Matthew Funaiole, chercheur principal du projet Chine du SCRS, a précédemment déclaré à CNN que le nouveau navire était le premier porte-avions de l’armée chinoise.

“Cela a été un gros problème pour l’avenir”, a-t-il déclaré. “Ils sont vraiment engagés dans un programme de transporteur et ils continuent de repousser les limites de ce qu’ils peuvent faire.”

La Chine a nommé ses transporteurs d’après ses provinces côtières, avec le Liaoning au nord-est et le Shandong à l’est. Le Fujian, au nord-est, est le pays le plus proche de Taïwan, séparé par une crête de moins de 128 kilomètres de large dans sa zone étroite.

Le Parti communiste chinois a revendiqué l’indépendance du gouvernement démocratique de Taiwan, même s’il n’a pas gouverné. Le dirigeant chinois Xi Jinping a déclaré à plusieurs reprises que la “réunification” entre la Chine et Taïwan était inacceptable et a refusé d’interdire le recours à la force.

La Chine est désormais la plus grande marine du monde et les porte-avions sont les plus gros navires des flottes les plus puissantes du monde. Les grands navires ont des aérodromes fixes, qui permettent un déploiement rapide et à longue distance d’avions et d’armes sur un théâtre de guerre.

Le renforcement du navire de guerre chinois intervient au milieu des liens géopolitiques croissants avec les États-Unis, et sous le président Joe Biden, il cherche à renforcer les liens avec les alliés et partenaires de la région Asie-Pacifique pour s’opposer à l’économie.

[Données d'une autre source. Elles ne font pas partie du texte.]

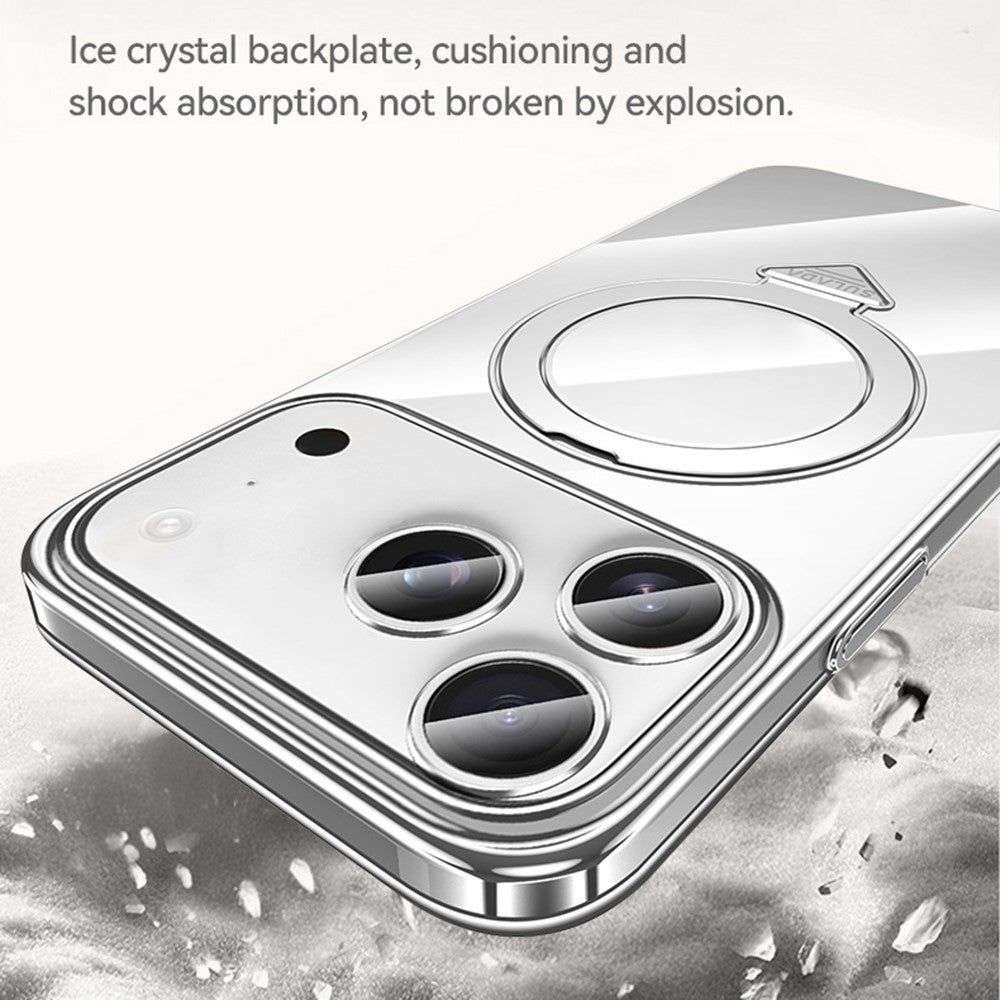 SULADA For iPhone 17 Pro Max Case Compatible with MagSafe Electroplated Foldable Kickstand Clear PC Phone Cover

L’année dernière, Pékin a signé un accord de sécurité entre les États-Unis, le Royaume-Uni et l’Australie appelé AUKUS, un accord qui permettrait aux trois pays d’échanger des connaissances et des technologies pour les infrastructures, développant une relation étroite avec l’Asie. Les exercices maritimes sur les membres de la nouvelle communication anonyme entre les États-Unis, le Japon, l’Australie et l’Inde, connue sous le nom de Quad, ont encore plus troublé Pékin.

Compétition en mer

Le premier porte-avions chinois, le Liaoning, un navire inachevé de l’ère soviétique acheté par Pékin à l’Ukraine en 1998, a été repensé et achevé en 2012.

L’armée chinoise a utilisé la technologie acquise grâce au navire pour construire son tout premier avion, le Shandong, qui est entré en service en décembre 2019.

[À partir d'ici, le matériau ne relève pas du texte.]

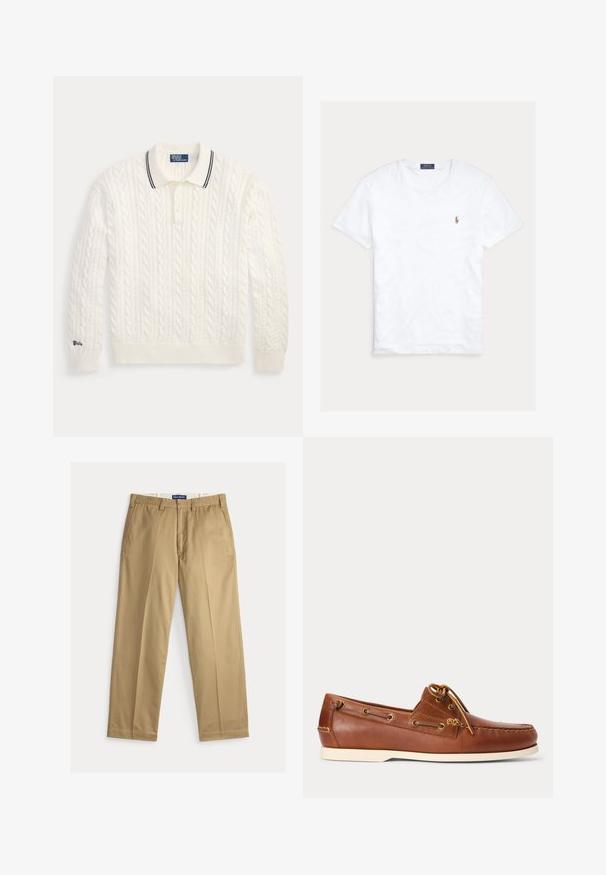 Weißer Polo-Pullover mit Zopfmuster, langen Ärmeln, gerippten Bündchen und Saum, drei Knöpfen und einem schwarzen Streifen am Kragen.; Weißes T-Shirt mit Rundhalsausschnitt und kurzen Ärmeln, mit kleinem gesticktem Polo Ralph Lauren Logo auf der linken Brust und blauem Markenetikett innen am Kragen.; Beige Chinos aus Baumwollstoff. Gerade geschnitten mit flacher Vorderseite, zwei Seitentaschen und einem Bund mit Knopfverschluss.; Brauner Leder-Bootsschuh mit weißer Sohle, oben geschnürte Schnürsenkel und Metallösen entlang der Seiten und der vorderen Naht.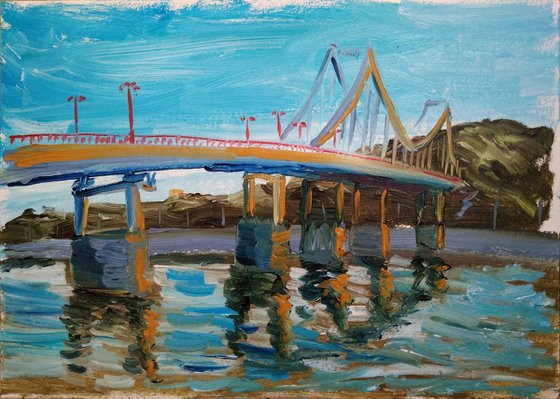 The footbridge over the river Dnipro in the Kyiv city pleinair painting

Mais si les deux premiers transporteurs chinois ont accru leur puissance maritime, ils étaient loin derrière les États-Unis, qui comptent 11 navires en opération.

De plus, le Liaoning et le Shandong étaient basés sur l’ancienne technologie soviétique. Ces deux transporteurs utilisaient le système de vol à ski, où les avions partaient simplement d’une petite voie, tandis que les transporteurs américains utilisaient un système de catapulte plus avancé pour lancer leurs avions.

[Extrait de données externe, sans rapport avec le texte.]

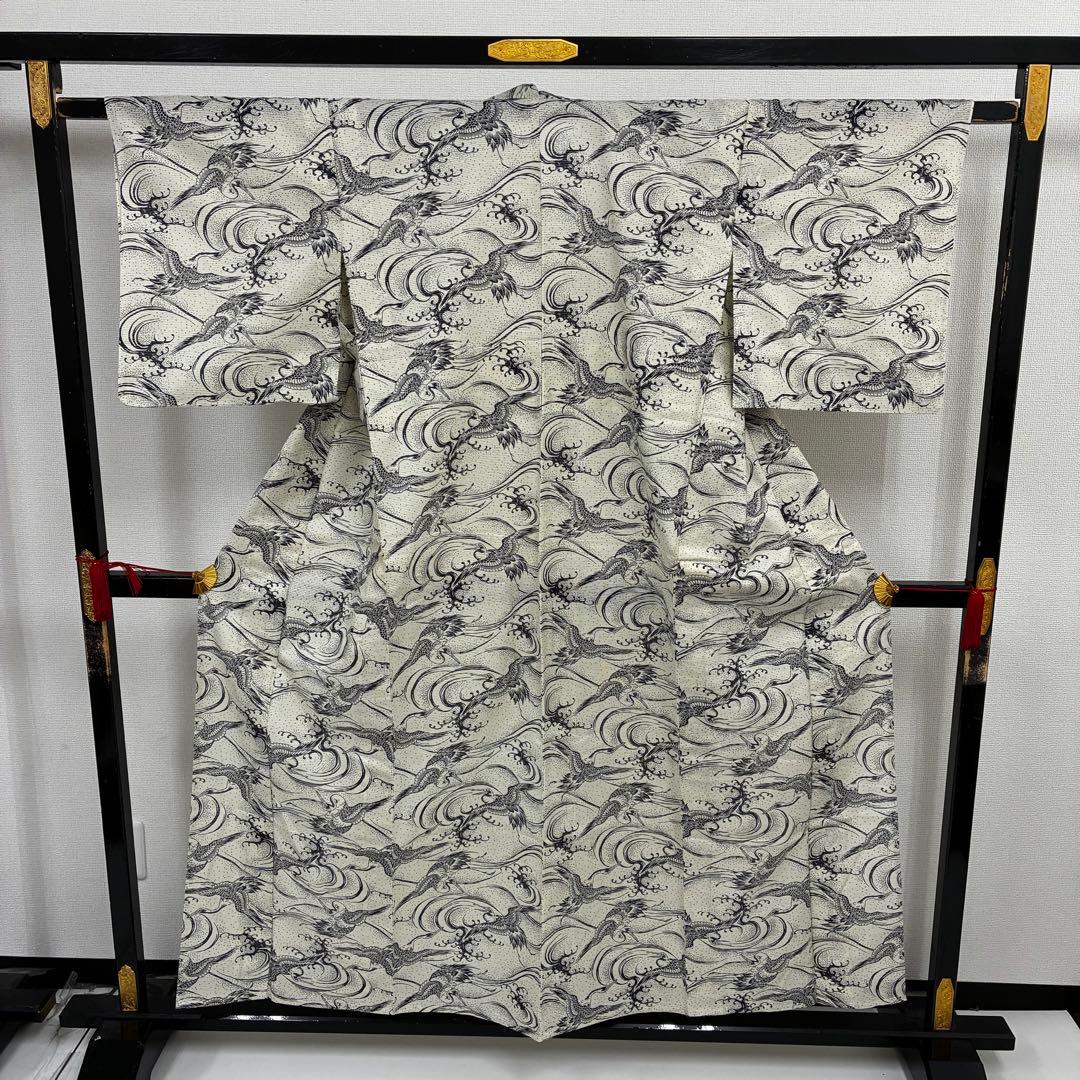 凛*様 夏浴衣 浴衣 綿絽 木綿 荒波に鶴 染め U-8112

Le nouvel avion chinois de haute technologie pourrait être lancé au début de 2022, selon des images satellite

Les avions lancés par Catapult peuvent voler plus vite et avoir beaucoup de carburant et d’armes, ce qui leur donne de meilleures performances que les avions lancés par saut à ski, qui s’appuient sur leur maîtrise de soi lorsqu’ils volent.

Cependant, malgré le succès du système de diffusion, Funaiole du CSIS a déclaré qu’il y avait des signes que le transporteur chinois est à la traîne par rapport à ses homologues américains, plus de catapultes, plus de trafic aérien et plus encore avec des ascenseurs qui permettent de charger rapidement les avions.

Tous les avions américains sont à propulsion nucléaire, bien que le Fujian devrait voler à la vapeur conventionnelle, ce qui, selon Funaiole, aura un espace limité. “(Bien que) c’est probablement une petite chose pour la Chine en ce moment, car elle s’intéresse beaucoup aux mers voisines”, a-t-il déclaré.

Après sa sortie, le Fujian doit être testé et entièrement équipé avant de pouvoir être commandé et mis en service.

Initialement, le département américain de la Défense s’attendait à ce que le transporteur soit prêt pour le service actif d’ici 2023, mais aujourd’hui, il a été repoussé à 2024.

Le porte-avions du Shandong a mis deux ans entre sa création en 2017 et sa mise en œuvre finale en 2019. De plus, le Fujian pourrait avoir du mal à développer des catapultes électromagnétiques.

Les États-Unis ont eu du mal à utiliser le même système sur leur dernier porte-avions, l’USS Gerald R. Ford, ce qui a entraîné un long retard.